The Pheasant Ridge residents, many of them Sudanese immigrants, have also expressed concern about their children, who now attend the soon to be closed Roosevelt Elementary School, being separated from their teachers who are going to Borlaug. Dorau said she hopes to learn more about their concerns at a meeting at the Pheasant Ridge Neighborhood Center on Thursday night.

Board member Sarah Swisher said that she also supports 4c, but hopes that moves like the one done with Pheasant Ridge weren't done only to balance a few percent points of free and reduced lunch rates between the schools.

The plan currently balances Weber, Borlaug and Horn Elementary Schools at approximately 30 percent free and reduced lunch rates. Swisher said such balance isn't necessarily as important as it might appear, or at least not enough to rate over other factors.

"If [the moves] were made to balance a few points in free and reduced lunch, that is something I wouldn't be very comfortable with," Swisher said.

Superintendent Murley explained that the Pheasant Ridge students were being moved to Borlaug because they were opposites of the demographic makeup of the students being moved elsewhere to make room for Borlaug to open. He argued that disrupting this balance would lead to a greater inequity down the road.
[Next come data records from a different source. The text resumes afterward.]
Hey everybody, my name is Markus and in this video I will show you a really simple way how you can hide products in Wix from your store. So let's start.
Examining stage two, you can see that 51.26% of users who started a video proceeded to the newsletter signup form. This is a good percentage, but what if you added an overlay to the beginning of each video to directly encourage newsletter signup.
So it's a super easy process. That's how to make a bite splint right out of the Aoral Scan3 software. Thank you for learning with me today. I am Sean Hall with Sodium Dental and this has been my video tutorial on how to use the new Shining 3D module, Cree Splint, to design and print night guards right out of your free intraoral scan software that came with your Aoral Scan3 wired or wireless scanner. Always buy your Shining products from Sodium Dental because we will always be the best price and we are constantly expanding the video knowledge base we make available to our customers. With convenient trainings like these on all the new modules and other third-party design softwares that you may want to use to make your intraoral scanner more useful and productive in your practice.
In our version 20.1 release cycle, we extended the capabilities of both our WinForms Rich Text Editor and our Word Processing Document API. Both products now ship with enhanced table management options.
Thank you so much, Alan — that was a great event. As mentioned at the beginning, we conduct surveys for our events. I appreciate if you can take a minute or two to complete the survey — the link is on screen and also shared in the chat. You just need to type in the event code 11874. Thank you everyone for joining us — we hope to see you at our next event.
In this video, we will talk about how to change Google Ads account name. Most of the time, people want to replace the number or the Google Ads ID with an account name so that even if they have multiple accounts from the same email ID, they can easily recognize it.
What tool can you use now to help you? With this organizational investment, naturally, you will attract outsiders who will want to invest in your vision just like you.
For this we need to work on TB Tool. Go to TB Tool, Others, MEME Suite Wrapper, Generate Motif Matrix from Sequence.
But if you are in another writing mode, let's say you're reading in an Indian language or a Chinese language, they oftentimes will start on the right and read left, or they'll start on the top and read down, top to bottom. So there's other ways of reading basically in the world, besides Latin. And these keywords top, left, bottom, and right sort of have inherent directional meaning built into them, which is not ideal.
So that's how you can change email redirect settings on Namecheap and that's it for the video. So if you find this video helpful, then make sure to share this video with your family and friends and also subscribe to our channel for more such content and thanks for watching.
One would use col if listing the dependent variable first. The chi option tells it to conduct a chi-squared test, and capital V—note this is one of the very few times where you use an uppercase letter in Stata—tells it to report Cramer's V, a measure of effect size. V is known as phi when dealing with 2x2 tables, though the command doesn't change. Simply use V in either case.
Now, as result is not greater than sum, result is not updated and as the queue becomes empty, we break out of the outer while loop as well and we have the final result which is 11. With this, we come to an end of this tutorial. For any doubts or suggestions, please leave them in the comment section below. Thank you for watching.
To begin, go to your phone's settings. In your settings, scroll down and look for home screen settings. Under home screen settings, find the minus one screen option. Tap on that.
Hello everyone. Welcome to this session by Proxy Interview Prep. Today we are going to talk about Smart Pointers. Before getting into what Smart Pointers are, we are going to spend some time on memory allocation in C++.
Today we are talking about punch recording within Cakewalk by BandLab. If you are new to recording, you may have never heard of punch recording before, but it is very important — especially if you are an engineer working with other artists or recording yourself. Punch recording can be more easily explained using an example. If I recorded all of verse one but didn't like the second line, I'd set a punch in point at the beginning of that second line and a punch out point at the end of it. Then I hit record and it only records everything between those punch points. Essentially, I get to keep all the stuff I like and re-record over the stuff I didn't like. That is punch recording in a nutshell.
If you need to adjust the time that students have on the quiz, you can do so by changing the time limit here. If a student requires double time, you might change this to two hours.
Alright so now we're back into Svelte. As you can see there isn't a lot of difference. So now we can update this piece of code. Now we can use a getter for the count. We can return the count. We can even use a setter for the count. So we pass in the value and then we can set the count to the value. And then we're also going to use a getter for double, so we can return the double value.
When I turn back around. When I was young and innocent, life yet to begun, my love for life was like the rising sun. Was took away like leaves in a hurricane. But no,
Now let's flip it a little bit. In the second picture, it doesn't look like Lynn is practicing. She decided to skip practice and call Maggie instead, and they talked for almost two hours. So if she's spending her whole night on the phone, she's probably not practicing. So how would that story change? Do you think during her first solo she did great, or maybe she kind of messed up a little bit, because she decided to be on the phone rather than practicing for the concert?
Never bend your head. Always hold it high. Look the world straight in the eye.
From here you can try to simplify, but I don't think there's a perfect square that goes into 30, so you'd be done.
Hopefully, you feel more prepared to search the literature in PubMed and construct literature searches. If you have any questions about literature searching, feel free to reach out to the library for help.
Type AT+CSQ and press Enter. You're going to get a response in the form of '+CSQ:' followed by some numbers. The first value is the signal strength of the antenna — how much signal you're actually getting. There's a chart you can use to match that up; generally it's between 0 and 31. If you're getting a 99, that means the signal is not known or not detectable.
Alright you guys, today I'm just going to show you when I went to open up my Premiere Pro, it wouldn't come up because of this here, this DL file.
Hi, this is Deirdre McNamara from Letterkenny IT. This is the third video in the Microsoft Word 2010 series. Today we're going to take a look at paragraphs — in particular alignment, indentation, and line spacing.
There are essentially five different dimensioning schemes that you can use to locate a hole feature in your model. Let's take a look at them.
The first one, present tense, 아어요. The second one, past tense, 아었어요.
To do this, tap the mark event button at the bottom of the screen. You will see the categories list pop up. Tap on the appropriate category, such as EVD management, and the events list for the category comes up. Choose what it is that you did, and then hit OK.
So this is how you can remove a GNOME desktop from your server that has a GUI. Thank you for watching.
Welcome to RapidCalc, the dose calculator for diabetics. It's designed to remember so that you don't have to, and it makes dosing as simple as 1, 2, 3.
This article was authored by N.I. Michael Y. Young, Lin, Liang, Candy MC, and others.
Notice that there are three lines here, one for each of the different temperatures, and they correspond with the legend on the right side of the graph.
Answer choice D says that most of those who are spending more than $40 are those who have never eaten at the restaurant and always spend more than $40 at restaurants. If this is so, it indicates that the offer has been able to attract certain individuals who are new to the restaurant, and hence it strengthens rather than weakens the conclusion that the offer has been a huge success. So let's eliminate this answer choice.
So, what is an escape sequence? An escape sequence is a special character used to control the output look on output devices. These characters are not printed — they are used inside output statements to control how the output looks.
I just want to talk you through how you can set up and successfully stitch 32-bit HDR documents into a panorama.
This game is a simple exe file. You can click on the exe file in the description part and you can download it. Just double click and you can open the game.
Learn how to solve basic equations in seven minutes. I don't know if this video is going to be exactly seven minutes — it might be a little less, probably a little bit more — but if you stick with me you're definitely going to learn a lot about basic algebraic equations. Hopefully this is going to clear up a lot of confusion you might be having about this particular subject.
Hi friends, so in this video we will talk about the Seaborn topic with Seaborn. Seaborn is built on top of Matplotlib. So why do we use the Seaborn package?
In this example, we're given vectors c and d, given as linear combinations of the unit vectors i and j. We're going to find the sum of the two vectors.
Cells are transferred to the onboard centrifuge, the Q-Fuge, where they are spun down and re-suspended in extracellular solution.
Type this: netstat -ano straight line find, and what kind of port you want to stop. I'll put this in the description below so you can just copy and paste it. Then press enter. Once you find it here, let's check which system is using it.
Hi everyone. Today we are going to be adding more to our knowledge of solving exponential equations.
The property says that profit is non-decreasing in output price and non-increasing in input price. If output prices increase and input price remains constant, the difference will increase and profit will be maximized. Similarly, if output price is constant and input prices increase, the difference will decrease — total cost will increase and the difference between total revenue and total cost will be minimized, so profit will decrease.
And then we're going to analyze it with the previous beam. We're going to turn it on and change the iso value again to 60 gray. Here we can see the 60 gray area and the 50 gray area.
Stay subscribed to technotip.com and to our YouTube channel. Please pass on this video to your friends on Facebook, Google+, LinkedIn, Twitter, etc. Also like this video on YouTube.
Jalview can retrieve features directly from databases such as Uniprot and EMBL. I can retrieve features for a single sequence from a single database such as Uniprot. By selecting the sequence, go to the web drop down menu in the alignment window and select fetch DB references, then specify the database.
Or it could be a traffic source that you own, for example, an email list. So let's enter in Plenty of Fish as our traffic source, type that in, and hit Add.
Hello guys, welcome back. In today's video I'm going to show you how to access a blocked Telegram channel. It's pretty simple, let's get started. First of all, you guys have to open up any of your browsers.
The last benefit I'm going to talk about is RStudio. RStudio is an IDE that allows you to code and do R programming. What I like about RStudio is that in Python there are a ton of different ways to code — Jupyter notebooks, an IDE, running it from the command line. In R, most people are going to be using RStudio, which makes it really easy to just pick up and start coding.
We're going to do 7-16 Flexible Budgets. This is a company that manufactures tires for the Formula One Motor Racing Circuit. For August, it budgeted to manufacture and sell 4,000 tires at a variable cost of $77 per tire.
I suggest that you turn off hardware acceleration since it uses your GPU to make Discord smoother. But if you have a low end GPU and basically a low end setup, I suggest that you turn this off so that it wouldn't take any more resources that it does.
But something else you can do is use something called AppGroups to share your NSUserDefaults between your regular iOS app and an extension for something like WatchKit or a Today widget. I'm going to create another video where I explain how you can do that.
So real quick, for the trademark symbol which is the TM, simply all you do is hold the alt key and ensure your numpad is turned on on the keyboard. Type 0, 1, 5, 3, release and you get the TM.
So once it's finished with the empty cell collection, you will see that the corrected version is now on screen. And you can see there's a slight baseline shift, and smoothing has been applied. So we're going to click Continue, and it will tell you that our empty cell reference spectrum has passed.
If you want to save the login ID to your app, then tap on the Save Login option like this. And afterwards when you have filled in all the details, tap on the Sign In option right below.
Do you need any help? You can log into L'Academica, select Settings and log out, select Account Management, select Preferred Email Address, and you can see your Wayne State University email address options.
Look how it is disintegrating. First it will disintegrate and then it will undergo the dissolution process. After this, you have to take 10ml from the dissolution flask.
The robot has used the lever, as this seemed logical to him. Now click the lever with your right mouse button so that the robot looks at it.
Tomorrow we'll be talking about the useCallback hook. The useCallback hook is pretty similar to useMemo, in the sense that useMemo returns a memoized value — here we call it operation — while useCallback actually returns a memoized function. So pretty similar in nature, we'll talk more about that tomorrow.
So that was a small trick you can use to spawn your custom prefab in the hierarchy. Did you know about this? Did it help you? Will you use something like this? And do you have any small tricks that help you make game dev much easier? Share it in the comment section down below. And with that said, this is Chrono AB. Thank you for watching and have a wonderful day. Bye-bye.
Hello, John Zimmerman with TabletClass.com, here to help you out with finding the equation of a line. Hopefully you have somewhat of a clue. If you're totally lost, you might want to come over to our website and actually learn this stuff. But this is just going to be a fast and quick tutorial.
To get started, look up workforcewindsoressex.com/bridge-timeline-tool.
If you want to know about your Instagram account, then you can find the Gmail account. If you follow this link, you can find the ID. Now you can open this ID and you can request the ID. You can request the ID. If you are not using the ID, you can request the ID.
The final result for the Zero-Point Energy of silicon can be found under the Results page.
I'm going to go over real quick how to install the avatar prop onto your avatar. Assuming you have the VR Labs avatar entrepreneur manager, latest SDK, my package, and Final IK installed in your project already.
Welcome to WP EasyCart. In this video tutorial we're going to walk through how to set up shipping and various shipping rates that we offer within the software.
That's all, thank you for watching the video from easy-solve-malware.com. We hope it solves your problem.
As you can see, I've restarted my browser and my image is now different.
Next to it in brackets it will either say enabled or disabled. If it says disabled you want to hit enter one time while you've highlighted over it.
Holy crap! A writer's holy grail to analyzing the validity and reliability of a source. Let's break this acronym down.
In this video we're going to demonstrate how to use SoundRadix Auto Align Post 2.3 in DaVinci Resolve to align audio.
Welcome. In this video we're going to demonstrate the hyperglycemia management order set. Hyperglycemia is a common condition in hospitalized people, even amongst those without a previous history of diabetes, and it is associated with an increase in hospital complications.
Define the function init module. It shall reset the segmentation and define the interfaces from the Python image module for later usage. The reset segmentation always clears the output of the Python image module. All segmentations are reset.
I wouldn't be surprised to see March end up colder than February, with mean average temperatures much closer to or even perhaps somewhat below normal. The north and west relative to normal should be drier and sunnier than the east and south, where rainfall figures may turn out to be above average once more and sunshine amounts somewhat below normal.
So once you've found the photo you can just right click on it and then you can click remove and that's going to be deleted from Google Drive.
"If you move students in that don't mirror those demographics you can see drastic changes in factors that we have decided are very important to the decision making process," Murley said.

Mike Cooper, who said he hopes to have the chance to vote on the boundary change at his final meeting, agreed that a redistricting change shouldn't be made just to make the demographics look slightly better. On the other hand, he said if the schools don't have a proper balance of socioeconomic status now, pockets of influence and proverty could grow over time.

"What I wouldn't want to do is create a situation where we have at [Wickam Elementary School], where they have a 3 percent free and reduced lunch," Cooper said.

Cooper said that it wasn't the perfect scenario, but Draft 4c at least divides the boundaries into straight lines that seem to make sense.

Hills resident Julie Van Dyke argued that the plan should be changed to allow the residents of Lakeridge Mobile Home Court to attend Hills Elementary School instead of Mark Twain Elementary School, undoing a previous redistricting move.

Van Dyke said that many of the residents of this area have told her that they want to go to Hills Elementary, and as many as 35 children from this area transferred to the Highland Community School District rather than to go to Twain. She said that this move would potentially save Hills Elementary, after a viability study linked Hills Elementary School's low attendance to high per student cost, making some board members discuss whether or not the school is viable.

"You can save a school with one simple move," Van Dyke said. "That's not a small change, that's not insignificant,"

Board member Sarah Swisher replied that while she understood the concern of Hills citizens, the board is considering Borlaug boundaries independent of any decision regarding Hills.

"I wouldn't want to say how I feel toward the plan tonight would affect the city of Hills," Swisher said. "There's just more work to do here." 

The viability study and the future of Hills Elementary School will be discussed by board members at a facilities meeting scheduled for June 27.